Memory Approaches are practical, child-centred, community-led approaches that encourages children to communicate more openly about HIV/AIDS. This tool facilitates open communication between parents, and guardians and their children, making possible and setting up a safe space in which to contain the telling of a family and person’s life story. The general tools of psychosocial support through Memory Approaches include Memory Books, the Memory Box, Body Mapping and Quilt Patching. The Memory Book is the central tool in the memory work process. It is an approach to psychosocial support that nurtures communication within families around issues such as - family history, information about the parent or guardian’s health, parent or guardian’s counsel and legacy to their children and the children’s aspirations and childhood memories - captured primarily through writing and illustration. By writing Memory Books with their caregivers at the Centre, children are encouraged to share their experiences with each other, thus strengthening peer support among the children in the community. The Memory Box is basically a safe and secure container that holds valuable and meaningful items to be passed on to the surviving members of a family. Body Mapping is designed to help people living with HIV/AIDS , drawing from and recording their illness and pain, their personal struggles and treatment. Quilt Patching is another means of recording and preserving the memory of family members and their history. Memory Approaches, furthermore, help family and community members better understand and become more sensitive to the realities of people living with HIV/AIDS.

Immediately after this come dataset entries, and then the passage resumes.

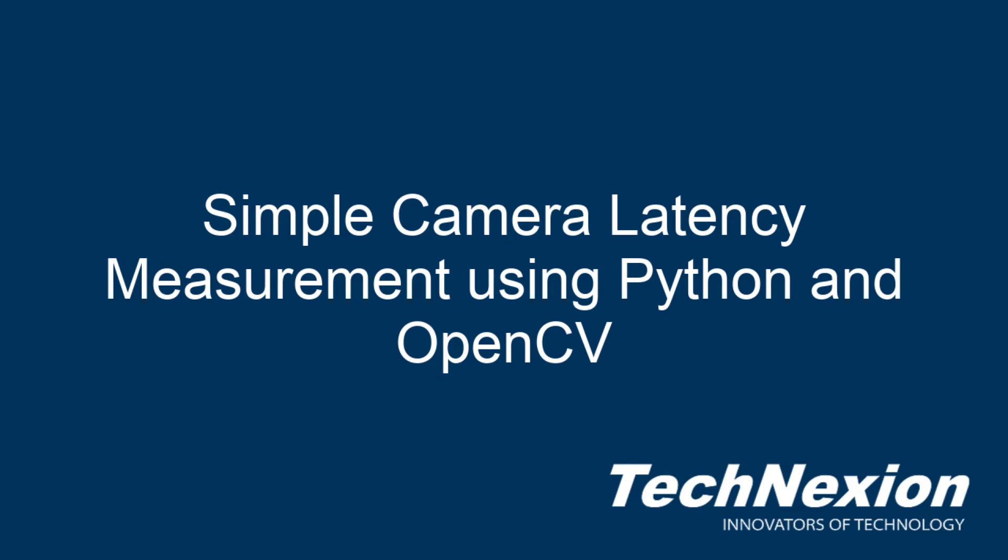Hi, this is John Weber with Technexion, and today I want to talk about a simple camera latency measurement technique using OpenCV in Python.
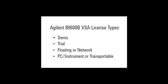The Agilent 89600B VSA software has four types of licenses: Demo, Trial, PC Instrument, and Floating.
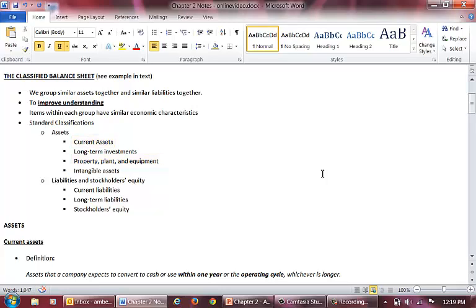You'll see those in all of your problems. Long-term investments and intangible assets are less common, so you won't necessarily see those in all problems. The standard classifications for liabilities are current liabilities and long-term liabilities. Then we have the stockholders' equity section like we saw in Chapter 1.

The Kondwa Day Centre for Orphans also organizes and supervises camps for its children, providing a playful and relaxed environment for the children to speak out and express their fears and concerns. Finally, the Centre also assists an additional 30 children within the community with basic educational and study needs, such as school uniforms, books, and other related necessities.

Our goal at Project ChildCare Foundation is to support the courageous and untiring work of the volunteers and staff at the the Kondwa Day Centre for Orphans by providing funding and resources in hopes that the Centre will be able to care for its children, bringing about real change and sustained improvements in their lives, as well as reaching even more orphaned and vulnerable children living within the community.